Maybe i am missing something obvious. when you have a brand new engine you just crank it up and follow the regular break in procedure. When you install a new cam you MUST get it up to 2000 rpm's immediately.

what is the difference?

 

Anytime you install a new flat tappet cam and lifters, the eng will need to be held at a "high idle" for 15-20 mins upon start-up. Doesn't matter if the rest of the eng was rebuilt or not.

If it's a roller cam, there's no need to hold eng at a high idle at start-up.

 

i have never read where you have to do that after a rebuild in any haynes or chilton manual . they all say crank it , set timing, check for leaks etc.

 

Any time you put in new rings on a new cylinder surface you have to re-seat the rings. Likewise with any new flat tappet cam/lifter set.

It's usually about 20 minutes, between 2k - 3k RPMs (varying) for rings or cam. Or both at the same time on a brand new build.

 

The Haynes and Chilton's manuals, and even the Helm manual for that matter, usually refer to procedures for stock or stock replacement parts. Aftermarket parts can have different requirements.

 

i've heard you keep the RPM 2k-3k rpm for 20 mins to break in the cam, then change the oil. Then don't drive over 4k rpm for 500 miles to seat the rings, change the oil, and you're set.

 

http://www.compcams.com/Technical/In.../Files/145.pdf

See steps 12 & 13

 

I've never heard of this period. Very good to know as I'm building a new motor. It says remove the inner valve spring, this wouldn't hurt the outter spring at all with the amount of lift on the cam would it? Just curious...

 

No, removing the inner won't do anything to the outer; it's not like each takes half the lift, or something like that. All that removing the inner will do, is lighten the overall load on the valve train. Of course, the engine's high-RPM capability will be severely destroyed, because the valve won't be controlled near as well by the spring; but most of us wouldn't be breaking in our motors at 6000 RPM anyway.

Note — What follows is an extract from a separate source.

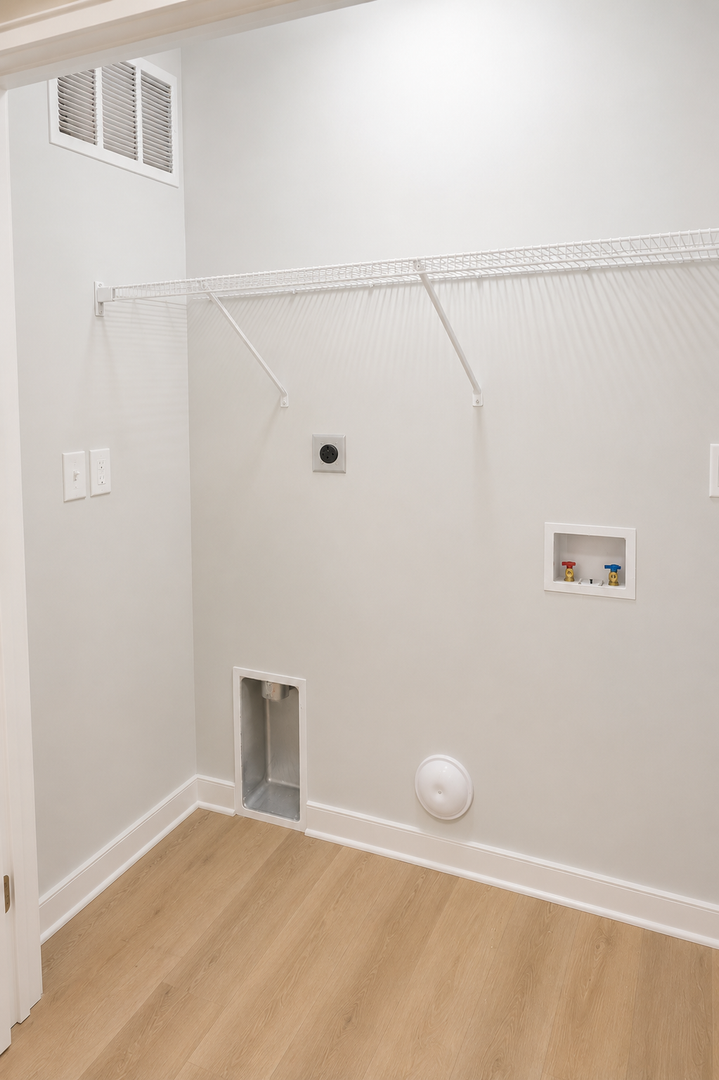 Charlotte Apartment: 102 Lakewood Ave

Break-in without the inner is universal practice in forms of racing that require flat tappet cams by their rules; Nextel cup for example.

Adding something with lots of zinc for break-in is also a VERY GOOD IDEA. As the formulation of off-the-shelf motor oil eliminates heavy metals, flat-tappet cams are more and more vulnerable to the forms of wear that these additives are there to protect against. GM EOS is a very good, easily obtainable additive for this purpose.

Some motor oils still contain the additives in question, particularly ones intended for use in diesels. Rotella T, Delvac, and Delo 400 are often mentioned as ones to use.

 

Also: they don't mention it in the Comp write-up; but there are other reasons for the flat-tappet cam break-in procedure.

The lifter bottom is not "flat"; and the cam isn't either. Rather, the lifter face is concave (bulged outward, with a radius of curvature of around 6 feet); and the cam lobe is at an angle to the axis of the cam, such that the rearward edge of the lobe, is larger than the frontward edge. This is part of what holds a flat-tappet cam in the block, the other part being the distributor gear/oil pump load. Each of those things draws the cam rearwards.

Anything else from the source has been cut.